Beiser, Frederick. Hegel, 2005.
Excerpt:
These religious and political controversies within the Hegelian school were not so easily resolvable because they involved an apparently intractable problem in the interpretation of Hegel’s metaphysics. Namely, what is the nature of Hegel’s concrete universal, his synthesis of the ideal and real, the universal and particular? Both left and right could point to some aspects of Hegel’s teaching to support their case. Further apart, the right argued that Hegel maintains that the universal exists only in a particular, that theory must conform to practice, and that the real is rational or ideal.

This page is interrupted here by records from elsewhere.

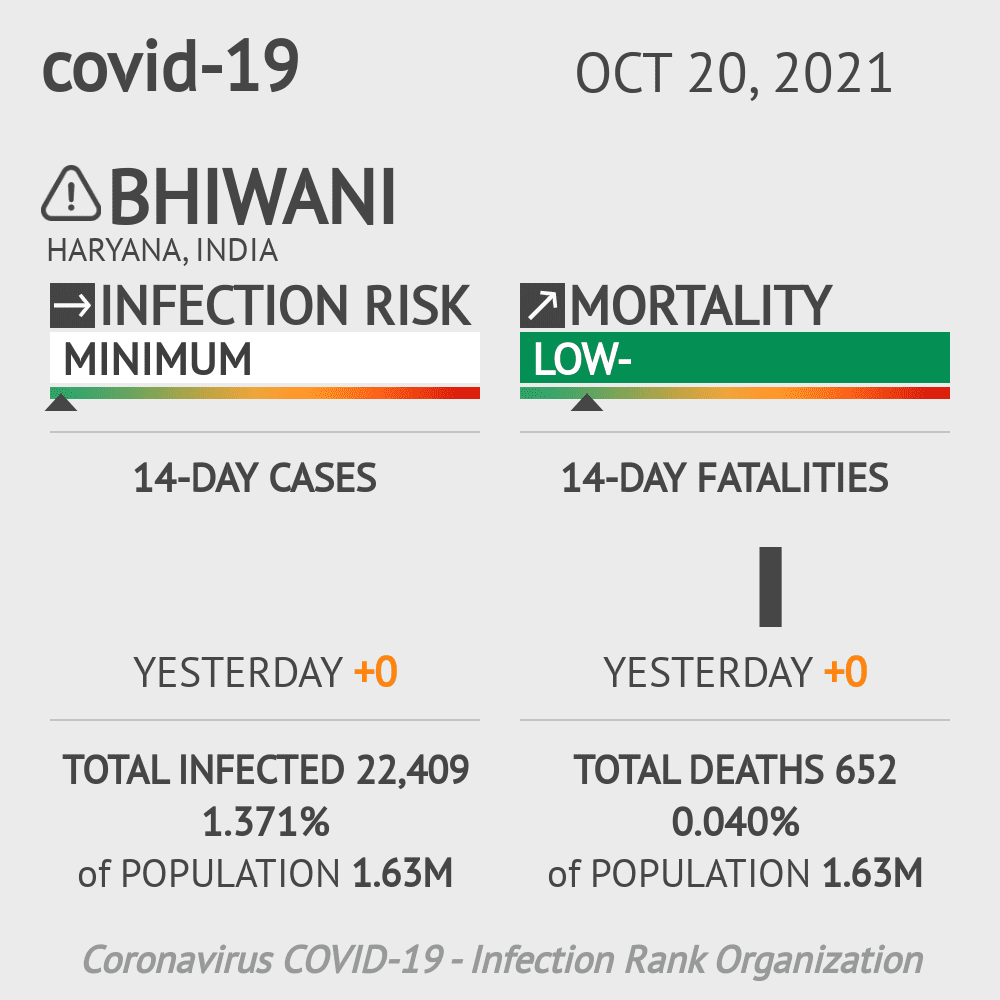 Bhiwani Coronavirus Covid-19 Risk of Infection on October 20, 2021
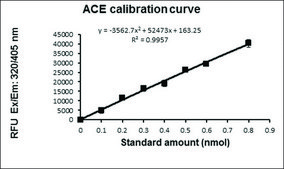 Angiotensin I Converting Enzyme (ACE) Activity Assay Kit (Fluorometric) sufficient for 200&#160;fluorometric&nbsp;tests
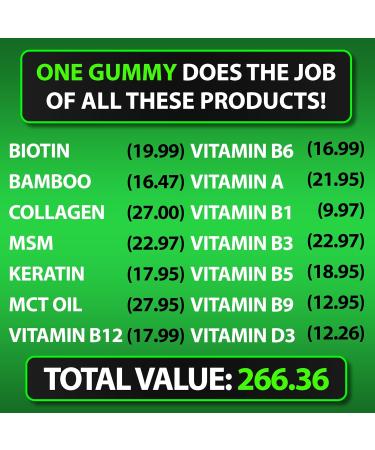 Beard Growth Kit w/ 6X Liquid BIOTIN Supplement with Collagen Peptides + 620,000mcg 14-in-1 BIOTIN Gummies/Beard Growth Vitamins & Hair Growth Vitamins for Men - Formulated in America - Buy Online on GoSupps.com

This side of Hegel’s philosophy seemed to show that the historical facts of Christianity, and the present conditions in Prussia, were indeed the realization of Hegel’s ideals. They accused the left of creating an abstract universal, a gap between theory and practice, by too rigidly distinguishing between ideals and facts. On the other hand, the left contended that Hegel holds that the universal, the ideal or the rational, is the very purpose of history, to which everything eventually must conform. It is a mistake to assume, they replied to the right, that the ideal must exist in just these particulars when it is realized only through the whole historical process. These issues had indeed troubled Hegel himself ever since his early Jena years. The extent to which a philosophical system can explain or incorporate all the contingencies or particularities of experience proved to be an intractable problem. It seemed as if a system must include all particularities, because only then is it concrete and comprehensive; but it also seemed as if it must exclude at least some of them, since reason could never derive all the particular facts of experience. Hence, notoriously, Hegel distinguished between actuality (Wirklichkeit) and existence (Existenz), where actuality conformed to the necessity of reason but existence did not. But how do we distinguish between actuality and existence? Hegel left his disciples little concrete guidance; hence the disputes among them.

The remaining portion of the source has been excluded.